Max apenas levantó la mirada cuando el guardia del pequeño supermercado del pueblo se acercó a la entrada. El tipo la observó de arriba abajo con una mezcla de duda y preocupación real, como si estuviera evaluando si ella venía de una fiesta... o de un naufragio.
Max Mayfield estaba hecha un desastre.
El cabello rojo recogido en un moño alto totalmente improvisado, con mechones sueltos pegados a la frente por el calor. Una camiseta vieja de Billy, arrugada, más grande de lo necesario, colgándole de un hombro. Short desgastado. Chanclas golpeando el suelo con cada paso lento. Y esa cara... esa cara de "no dormí, no desayuné y probablemente odio todo".
A su lado, Billy Hargrove caminaba como si fuera una extensión del caos, pero en versión más controlada: gafas de sol, mandíbula tensa, manos en los bolsillos, claramente irritado por estar ahí pero demasiado orgulloso como para admitir que también estaba agotado.
El guardia frunció el ceño.
—¿Estás... estás bien? —preguntó, dudando si acercarse más o no—. ¿Necesitas ayuda?
Max parpadeó lento. Demasiado lento. Como si su cerebro estuviera tardando tres horas en procesar la pregunta.
Miró al guardia. Miró a Billy. Miró el supermercado detrás. Y luego soltó un suspiro larguísimo.
—No estoy muriendo —dijo con voz plana—. Solo estoy... sobreviviendo.
Billy soltó una risa corta, sin humor real.
—"Sobreviviendo" es la palabra bonita para decir "esta casa nos está drenando el alma", ¿no?
Max le lanzó una mirada asesina.
—Cállate.
El guardia no parecía convencido. Dio un paso más cerca.

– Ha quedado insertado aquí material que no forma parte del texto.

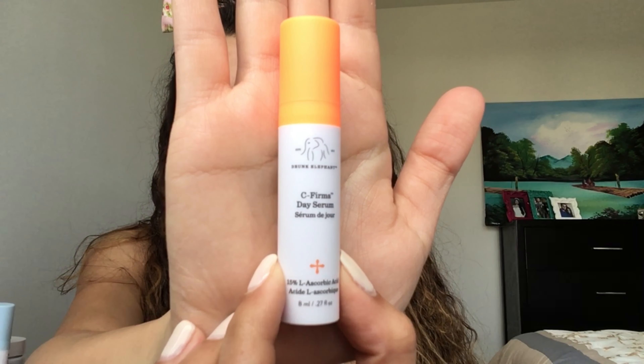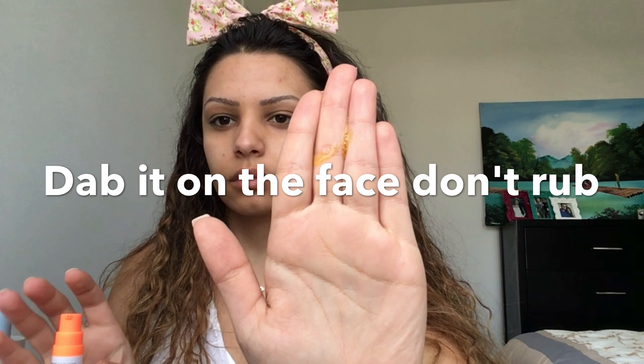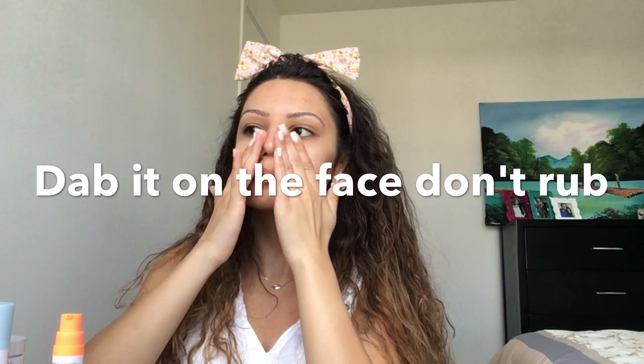Since I feel I'm breaking out because I'm dry, I'm using the Drunk Elephant Intensive Hydrating Gel. Here I'm using the Drunk Elephant Vitamin Tea Serum.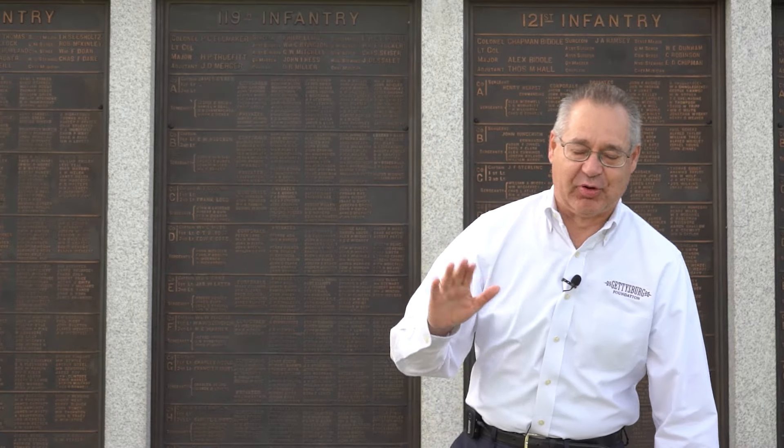Hello, everyone. Wayne Motts, the President Emeritus and Historian at the Gettysburg Foundation, coming to you on a beautiful day on the Gettysburg Battlefield at the Pennsylvania Memorial for this episode of Museum Mondays.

—Es que te ves... descompuesta.
Max bajó la mirada a sí misma como si recién se acordara de su existencia física.
Y ahí le cayó todo.
La ropa lavada colgando en algún hilo improvisado en la casa vieja porque la humedad había vuelto todo insoportable. El olor a encierro. La energía eléctrica fallando y los alimentos echándose a perder uno por uno. Neil intentando arreglar el sistema con Susan ayudándolo mientras ellos dos eran "mandados" como si fueran los únicos sin derecho a descansar. Sin desayuno. Sin café. Sin nada.
Y ella ahí, con la camiseta de Billy como uniforme oficial de desastre.
—Genial —murmuró Max—. Ahora hasta el guardia del súper piensa que soy un caso perdido.
Billy ladeó la cabeza.
—No "piensa". Confirma.
Max le dio un codazo directo en las costillas.
—¡Oye!
—¿Qué? Es verdad —dijo él, encogiéndose de hombros—. Te ves como si te hubieras peleado con una tormenta y la tormenta ganara.
El guardia carraspeó, incómodo.
—Si quieres puedo llamar a alguien—
—No —Max lo cortó rápido, por primera vez más despierta—. No necesito ayuda. Solo necesito... comida. Mucha.
Se quedó en silencio un segundo.
Luego agregó, casi como confesión:
—Y azúcar. Mucha azúcar.
Billy asintió de inmediato.
—Ahora sí estás hablando mi idioma.
El guardia finalmente dudó, pero los dejó pasar.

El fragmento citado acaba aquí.